In Berlin, meanwhile, the “red-red-green” coalition plans to keep building the A100 motorway through Neukölln and Treptow. Last Saturday, several hundred people occupied the construction site. The city is spending €700 million for 3.2 kilometers of road — each meter costs over €200,000. Numerous homes were expropriated to make way for it, while the same coalition argues that there is no money to make public transport free.
The German government, however, claims to have a magic bullet to solve the climate crisis: E-Autos or electric cars. There are currently 48.25 million vehicles in Germany and in the coming years and decades they are all supposed to be replaced with electric models. The government is paying billions of euros in subsidies both to manufacturers and consumers — a wealthy person can get up to €9,000 to purchase a new car. We are supposed to believe that so long as these cars run on renewable energy, everyone can keep driving and emissions will sink to zero.
However, building these cars require an enormous amount of resources. The production of each E-Auto releases 10-12 tons of carbon dioxide into the atmosphere — about twice as much as a traditional car. This is mostly to make the batteries, which require lithium and other minerals which are mined and then transported around the world. Elon Musk is building his so-called Gigafactory near Berlin, which will churn out 500,000 electric cars per year. Its plans include a gas-fired power plant.
Depending on which study you consult, an electric car needs to drive more than 60,000 kilometres before its lifetime emissions make it cleaner than a car that runs on fossil fuels. And – as we know from our phones – batteries decline over time.
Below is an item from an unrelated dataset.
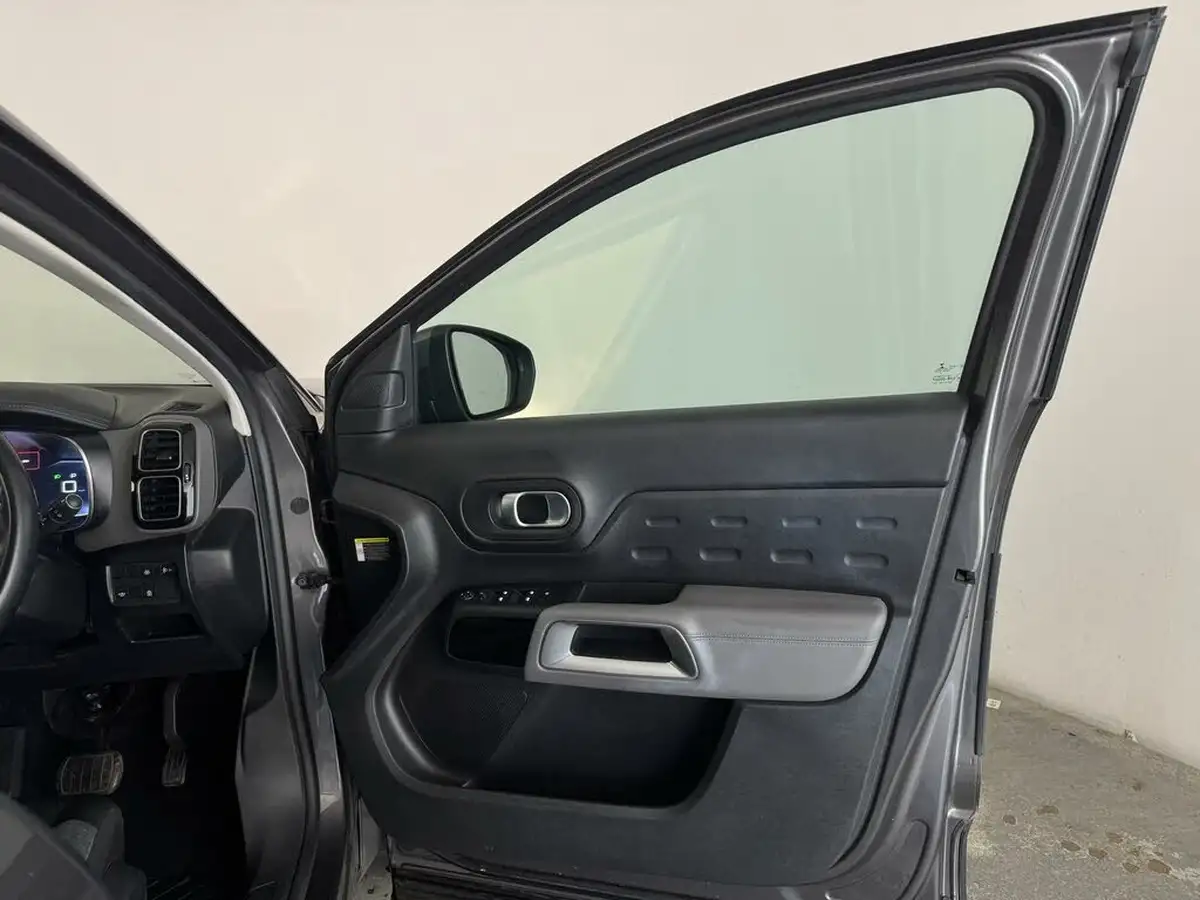 2020-citroen-c5-aircross-15bluehdi-flair-eat8-big-17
There is an incredibly easy way to reduce carbon emissions — even though not a single politician at COP26 would dare to mention it. Are you ready? We could produce fewer cars.
E-Autos are never going to be efficient. When you think about it, it is not very sensible to move 2,000 kilograms of metal to transport a single person weighing 75 kilograms. These cars are then left standing around about 98% of the time, and are replaced fairly quickly.
Despite appearances, a smoky coal-burning train from the 19th century has a much smaller CO2 footprint than an electric vehicle per person and kilometre traveled. It isn’t complicated: the solution is mass transit. But can we afford to invest in busses, trams, and trains?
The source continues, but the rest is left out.